Work to be completed: All that is wanted is the exact lines from the first line of the data below through the line with "Akshata Pawaskar", both ends included, with pictures omitted.

Data supplied START

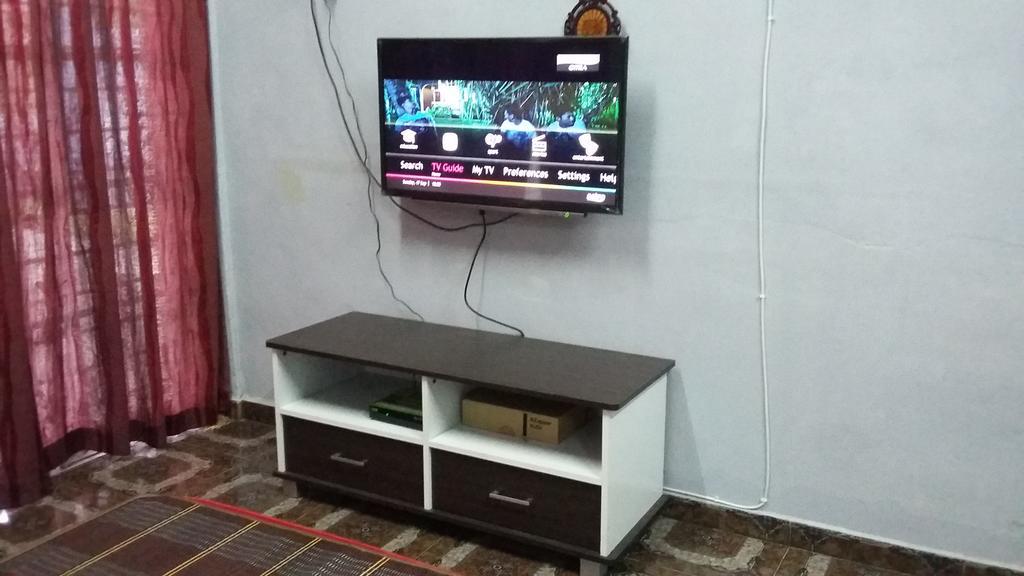 Kayangan Homestay Perlis For Mslim Only Kangar Exterior foto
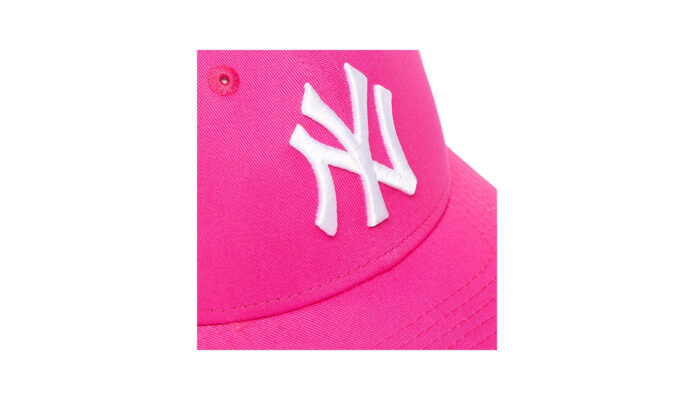 Original New Era 940K MLB League NEYYAN Kids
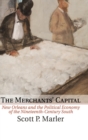 Image for The Merchants&#39; Capital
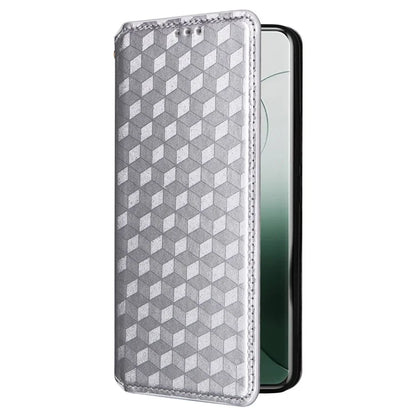 For Xiaomi 14 Pro Cell Phone Case Magnetic Closing Leather Wallet Phone Cover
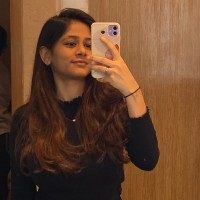 Akshata Pawaskar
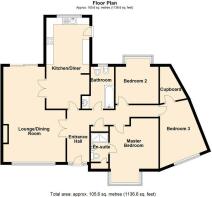 21 Queensbury Way Swanland - Floor Plan 2D.jpg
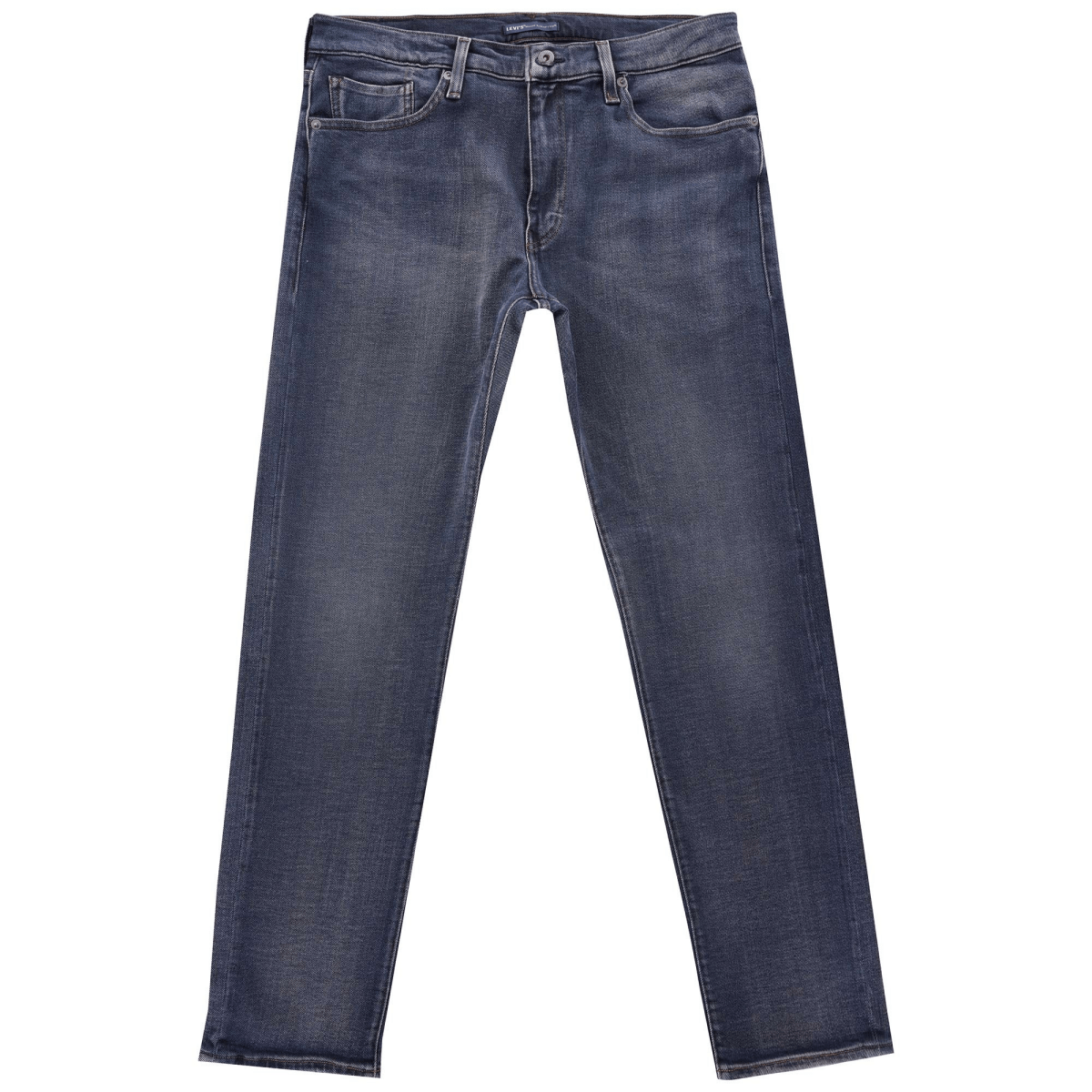 Levi's 511 Slim Jeans - Smgarment's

Data supplied END

Reply to the exercise:
 Kayangan Homestay Perlis For Mslim Only Kangar Exterior foto
 Original New Era 940K MLB League NEYYAN Kids
 Image for The Merchants&#39; Capital
 For Xiaomi 14 Pro Cell Phone Case Magnetic Closing Leather Wallet Phone Cover
 Akshata Pawaskar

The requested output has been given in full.